> _Work request_
The line holding "Guests enjoying a" is the last one to output; start at the first line of the data, keep every line in between exactly, and leave out pictures.

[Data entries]
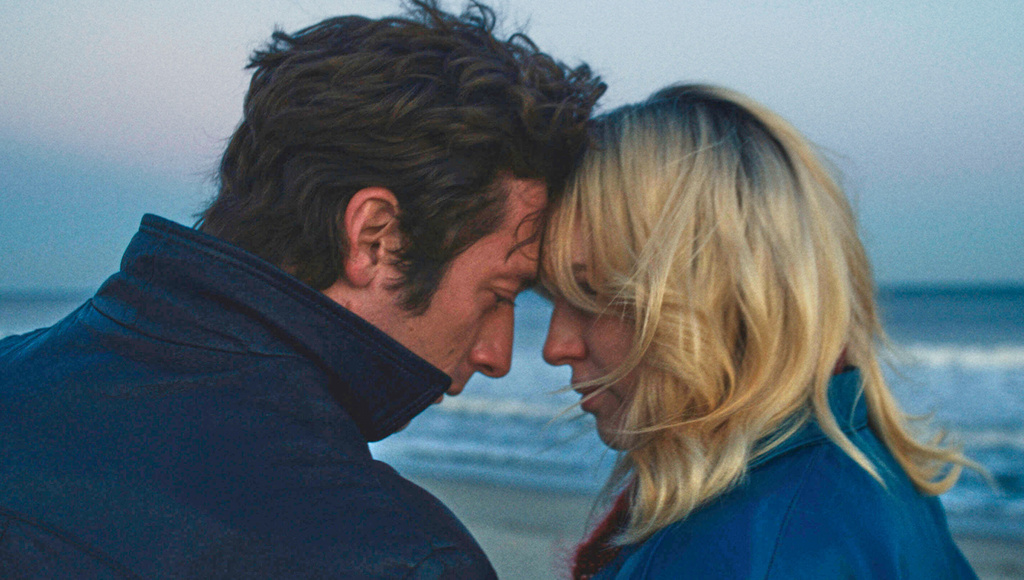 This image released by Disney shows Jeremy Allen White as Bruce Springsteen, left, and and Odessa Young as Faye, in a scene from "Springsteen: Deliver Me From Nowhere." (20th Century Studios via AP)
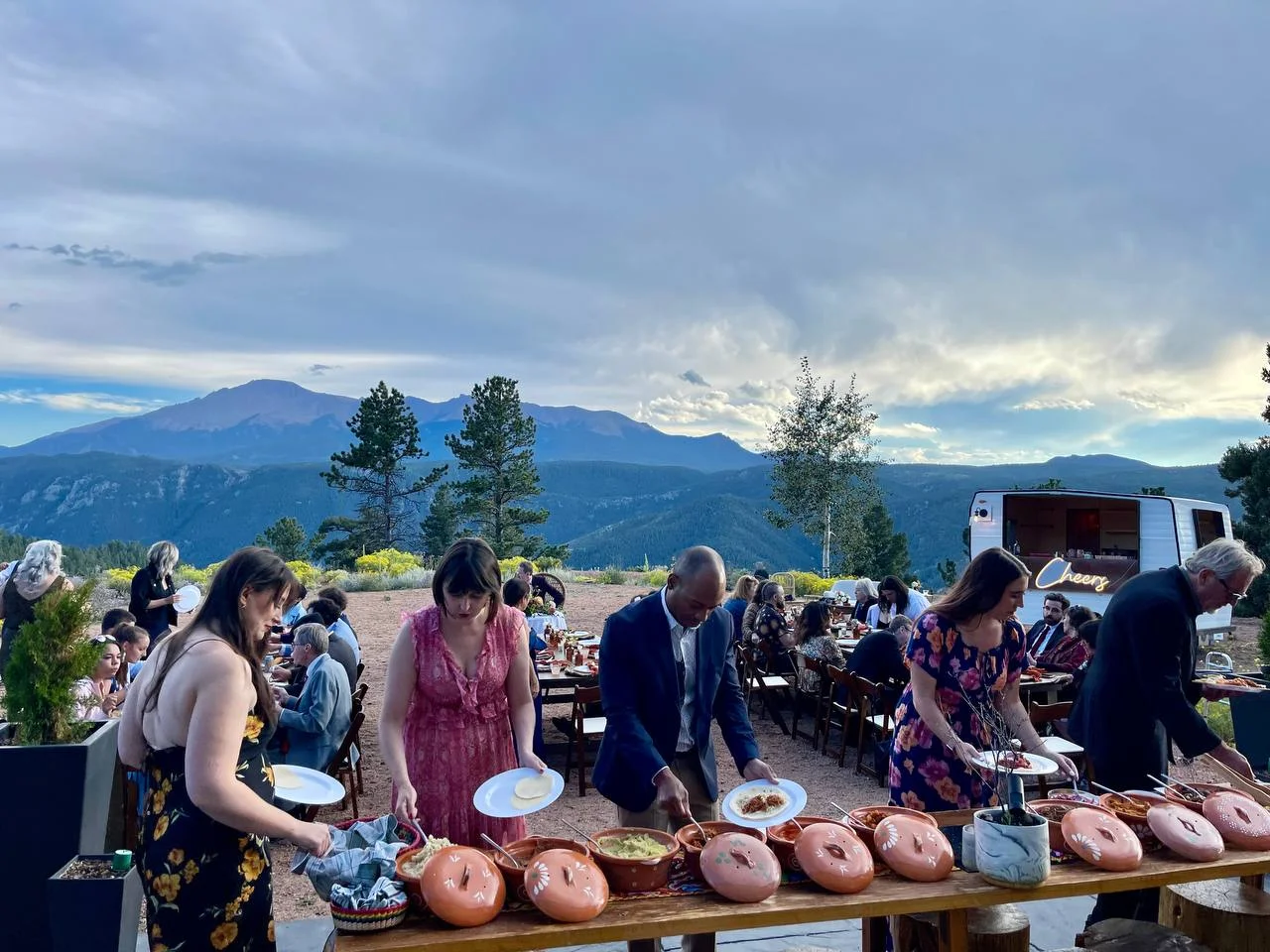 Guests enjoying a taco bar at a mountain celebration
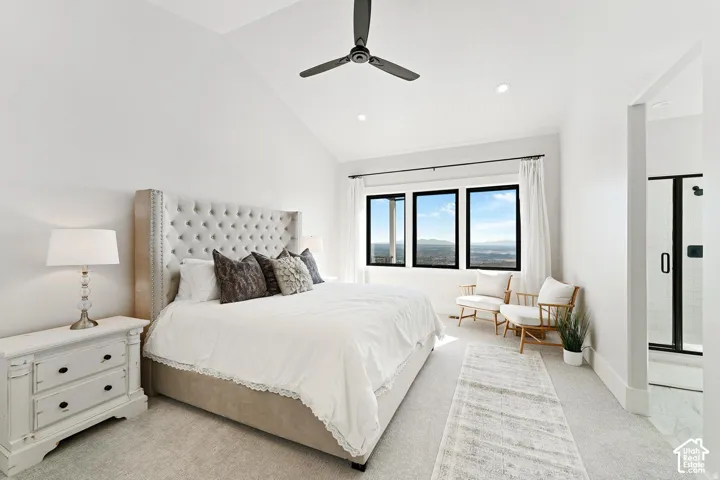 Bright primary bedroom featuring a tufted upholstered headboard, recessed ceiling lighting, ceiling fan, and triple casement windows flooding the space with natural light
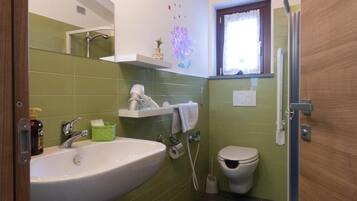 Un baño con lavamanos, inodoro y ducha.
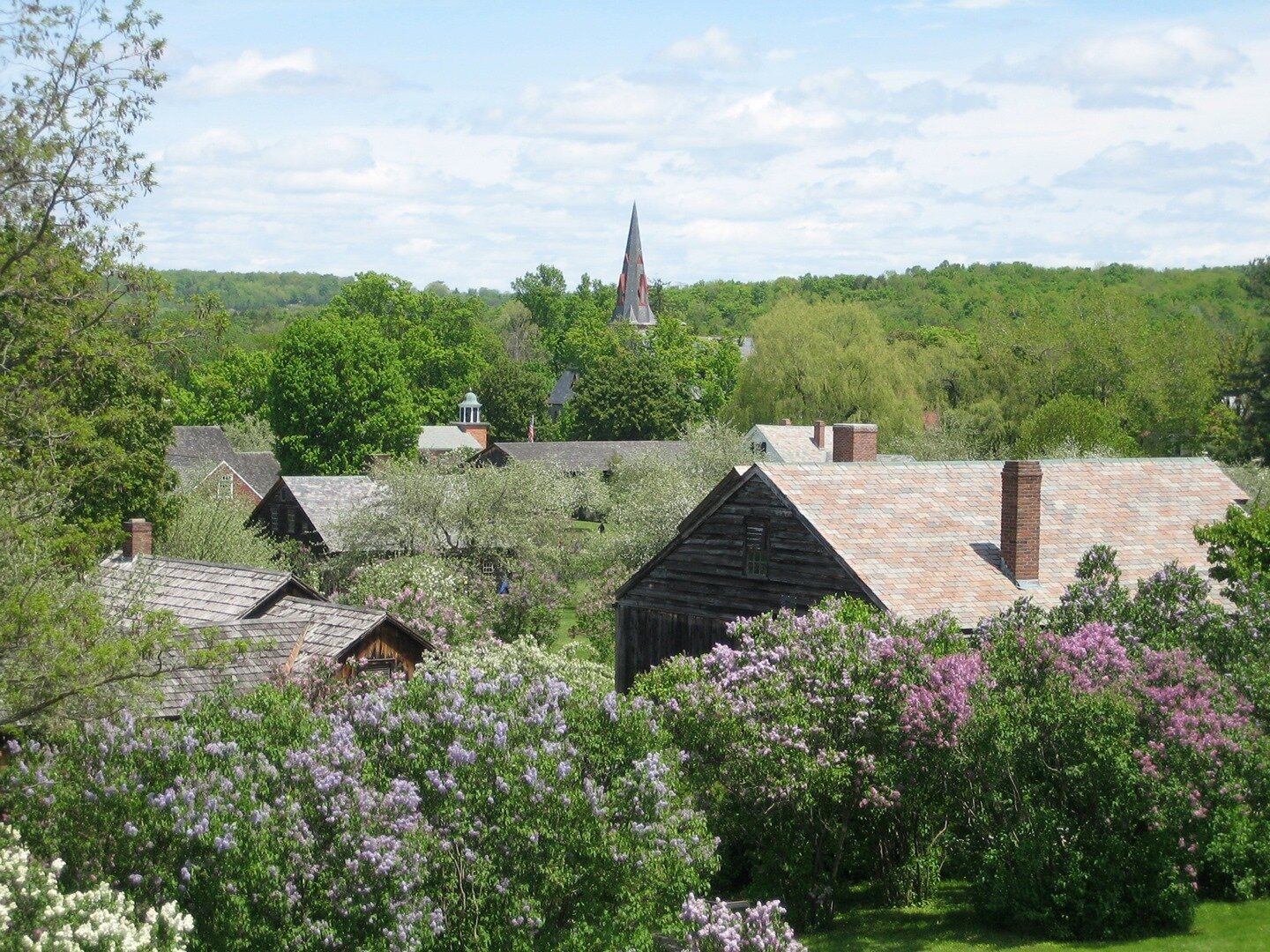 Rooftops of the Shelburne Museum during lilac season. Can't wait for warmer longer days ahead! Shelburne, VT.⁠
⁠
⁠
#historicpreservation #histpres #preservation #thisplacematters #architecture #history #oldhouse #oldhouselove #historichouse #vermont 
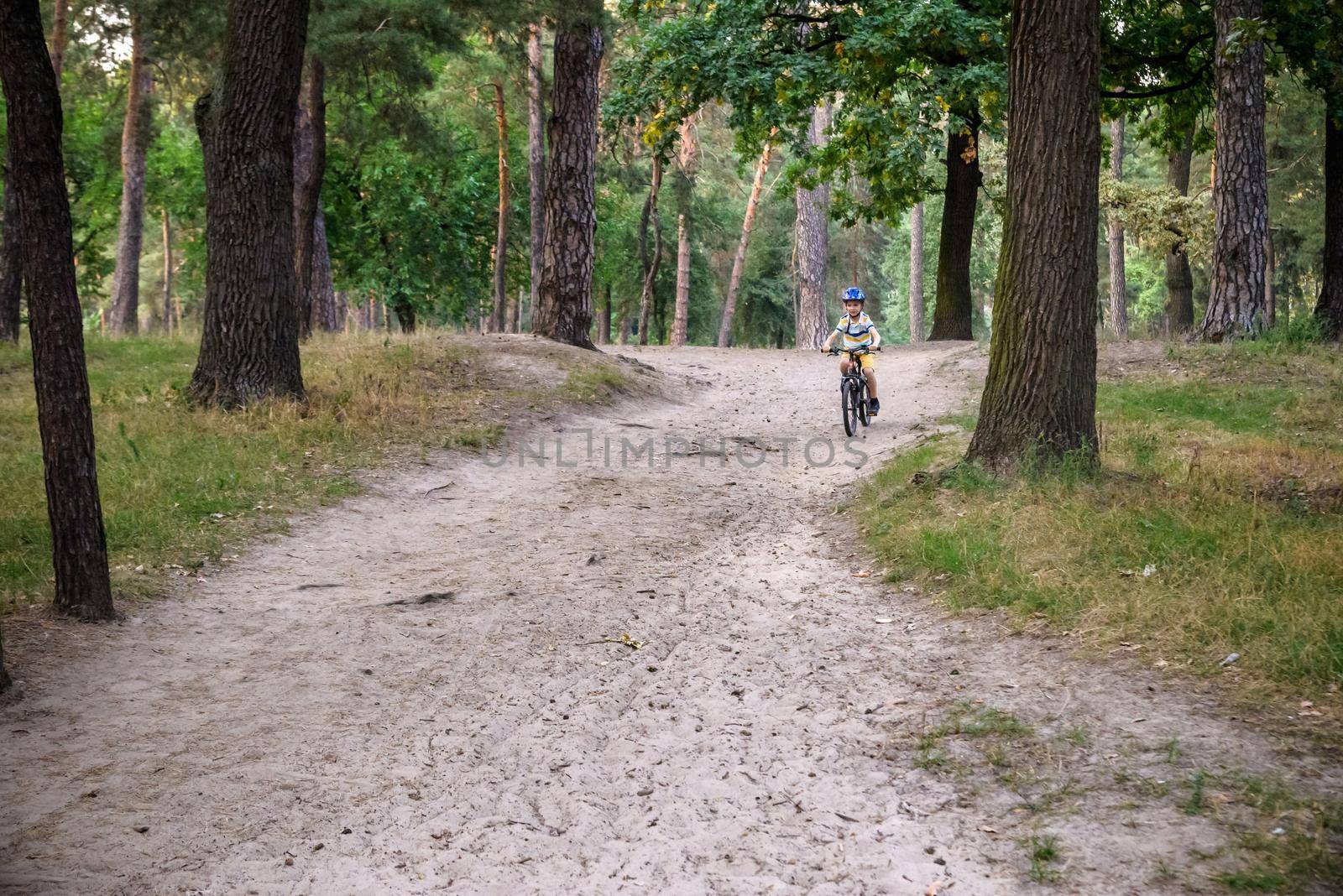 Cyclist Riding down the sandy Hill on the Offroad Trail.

> _Task result_
 This image released by Disney shows Jeremy Allen White as Bruce Springsteen, left, and and Odessa Young as Faye, in a scene from "Springsteen: Deliver Me From Nowhere." (20th Century Studios via AP)
 Guests enjoying a taco bar at a mountain celebration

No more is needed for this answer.